More legal threads with story potential

I’m continuing my roundup of a few recent stories with tremendous story potential.

NPR reports on the election results approving recreational pot use in Oregon, Alaska, and Washington, DC — joining Colorado and Washington. How will legal plot use affect your characters? Careful in DC, though — Congress must approve all new laws passed there.

My first jury trial was defending — successfully — a commercial fisherman charged with fishing in a closed area. Our defense was that he’d been fishing in a legal area, emptied his net and discovered a rip, then drifted into a closed area while repairing his net. It’s not illegal to be in a closed area if you’re not actively fishing.

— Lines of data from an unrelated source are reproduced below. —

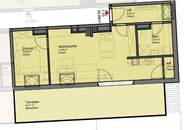 COMING SOON: Loftartige DG-TERRASSENWOHNUNG mit 30,71m² Terrasse nahe Akademiepark
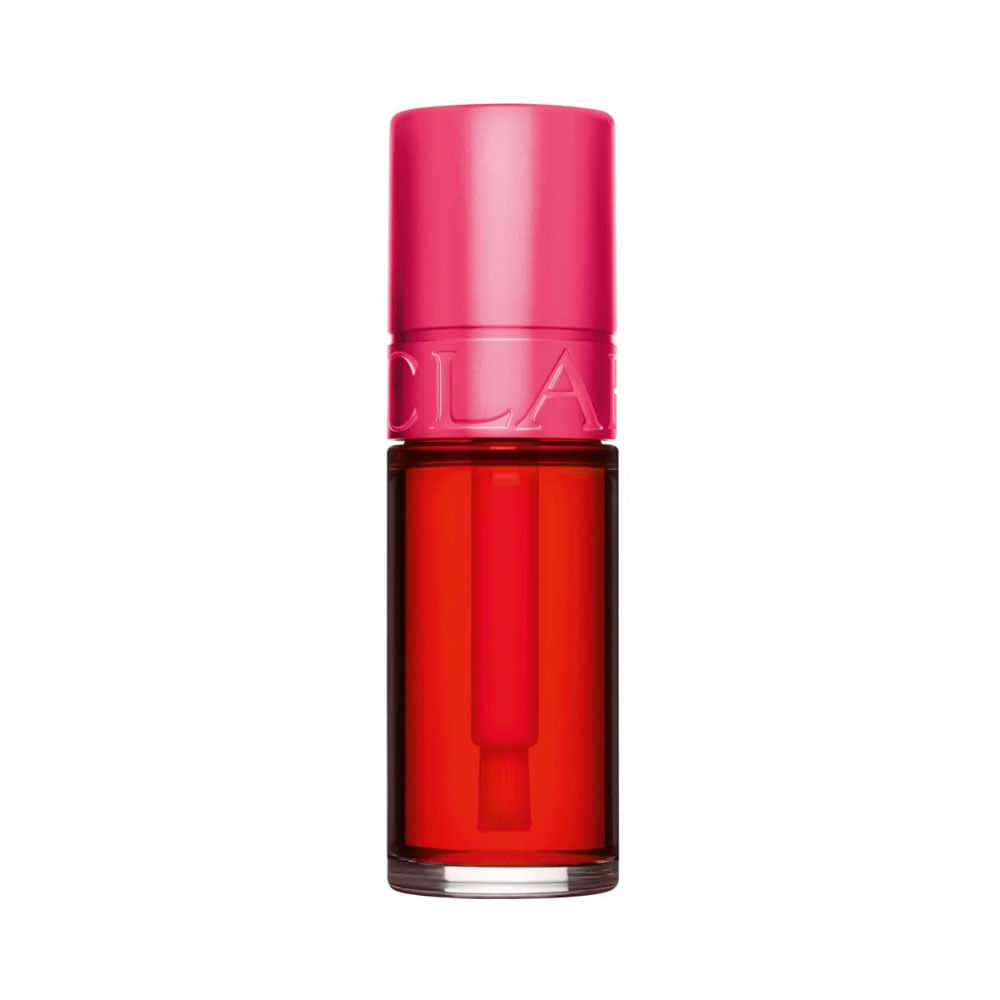 Tinta Labial Clarins Water Lip Stain 01 Rose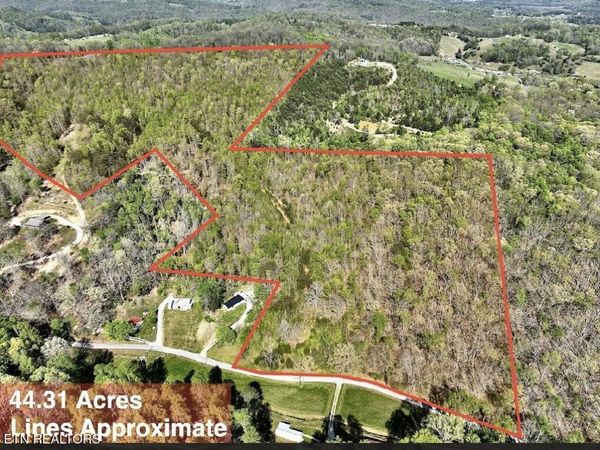 Lay Hollow Rd, Sharps Chapel, TN 37866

But he didn’t try to dump the fish he’d caught. NPR reports on arguments before the U.S. Supreme Court on the case of a fisherman who dumped his fish to avoid a federal conviction — and who now argues that the law being used to convict applies to the destruction of documents, not fish. It’s a question of statutory interpretation, coupled with evidence of bad intent, but it’s also a good illustration of legal arguments — and how destruction of evidence cases are treated.

I’ve written before about arbitrators, mediators, and administrative law judges. Can you use one in your story? Here’s an example: Former NFL running back Ray Rice filed a grievance over his ban from the league for beating his girlfriend unconscious in an elevator and dragging her body out. NPR profiles Barbara Jones, the independent arbiter presiding over the case. Update: Jones concluded that the NFL had already punished Rice once and could not punish him a second time without evidence of more wrong-doing. The law is procedural, as well as substantive.

Stories are all around us. So are characters, bits of backstory, complications, and speedbumps. Use ’em.